#### DATA TO PROCESS

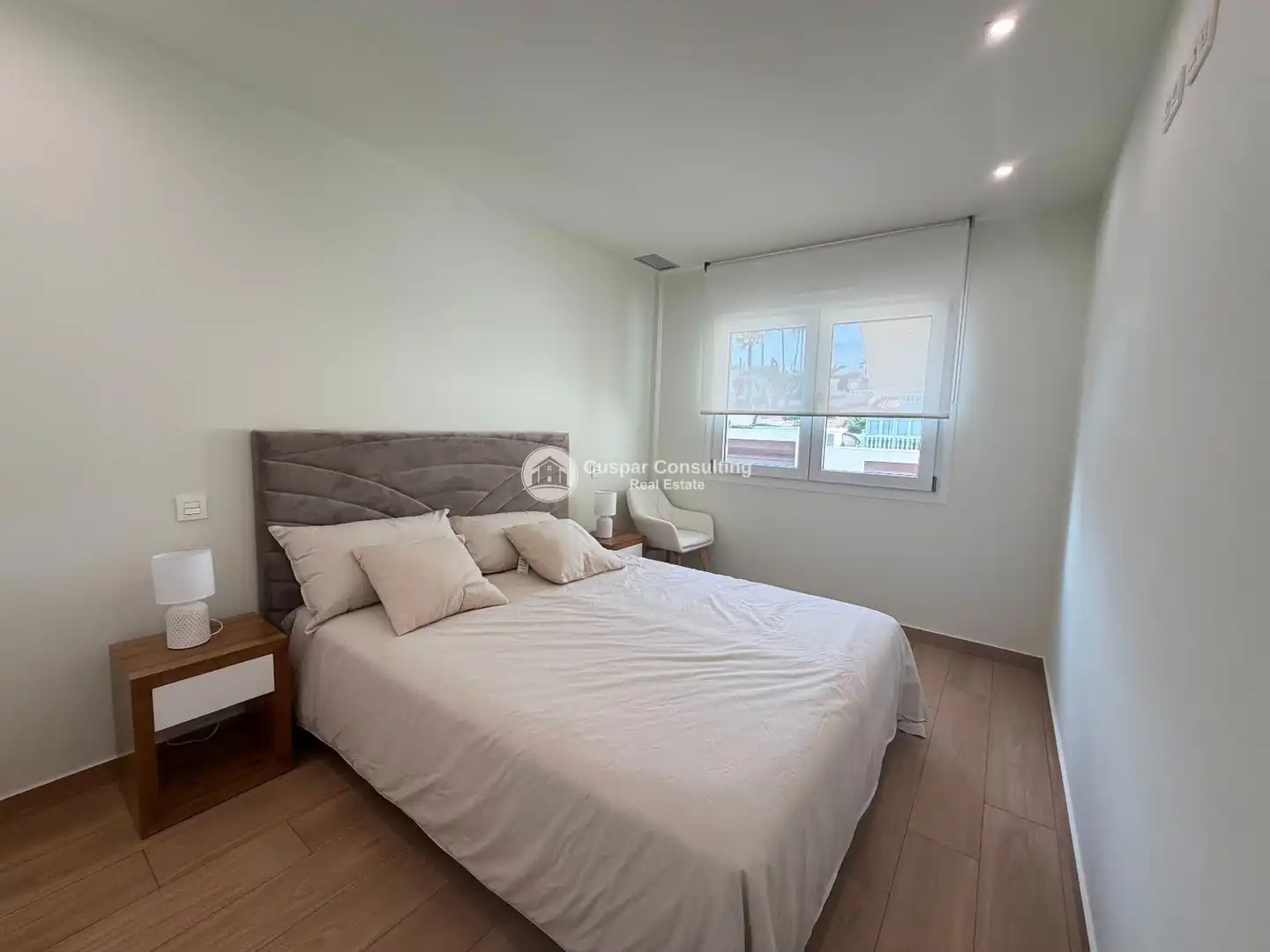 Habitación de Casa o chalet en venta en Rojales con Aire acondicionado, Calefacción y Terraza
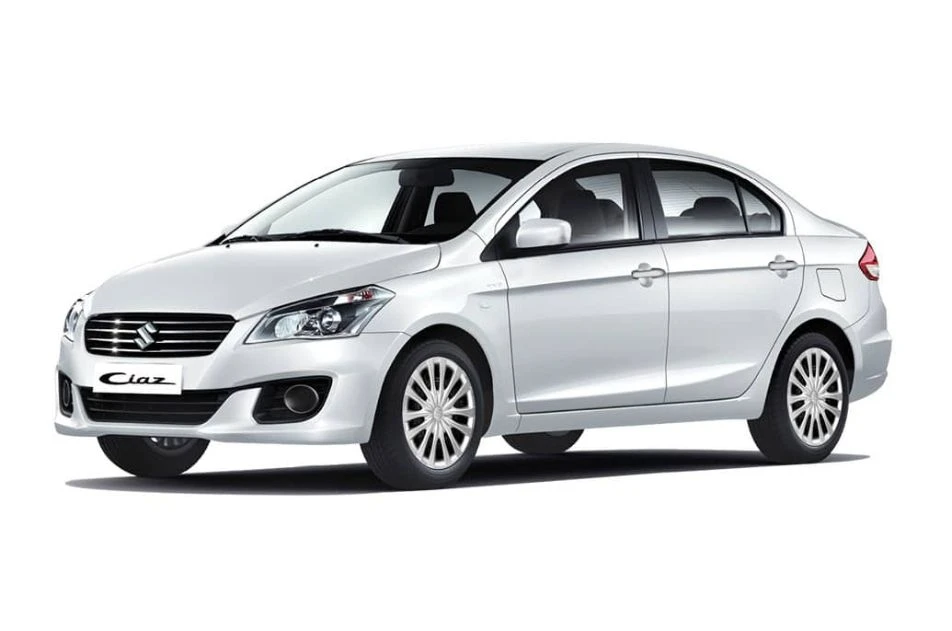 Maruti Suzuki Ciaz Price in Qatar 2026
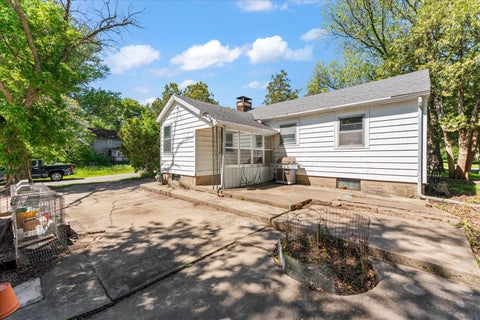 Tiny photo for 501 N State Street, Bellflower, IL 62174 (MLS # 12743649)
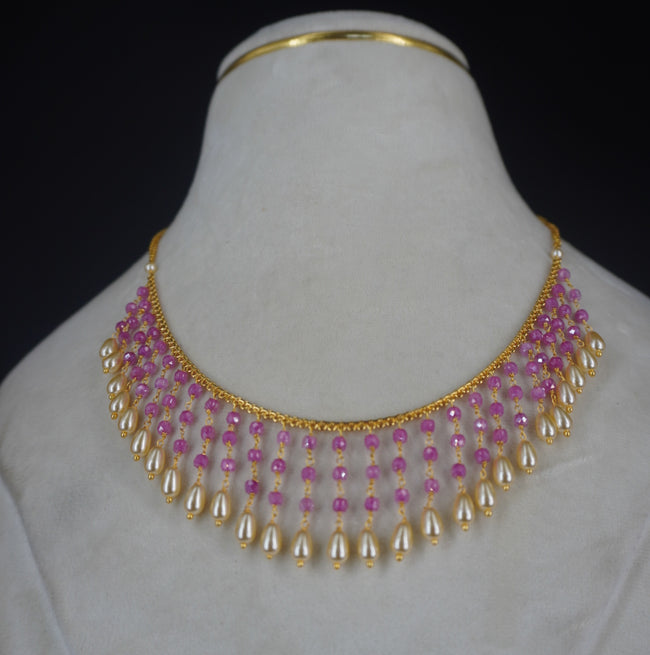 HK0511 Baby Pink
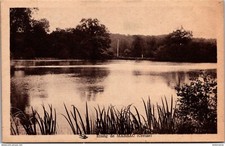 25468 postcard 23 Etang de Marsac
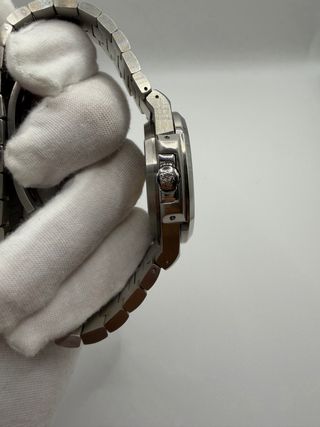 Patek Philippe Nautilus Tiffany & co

########

▸ **THE TASK**
Every line above is to be reproduced verbatim, and the pictures are to be omitted.

▸ **EXERCISE OUTPUT**
 Habitación de Casa o chalet en venta en Rojales con Aire acondicionado, Calefacción y Terraza
 Maruti Suzuki Ciaz Price in Qatar 2026
 Tiny photo for 501 N State Street, Bellflower, IL 62174 (MLS # 12743649)
 HK0511 Baby Pink
 25468 postcard 23 Etang de Marsac
 Patek Philippe Nautilus Tiffany & co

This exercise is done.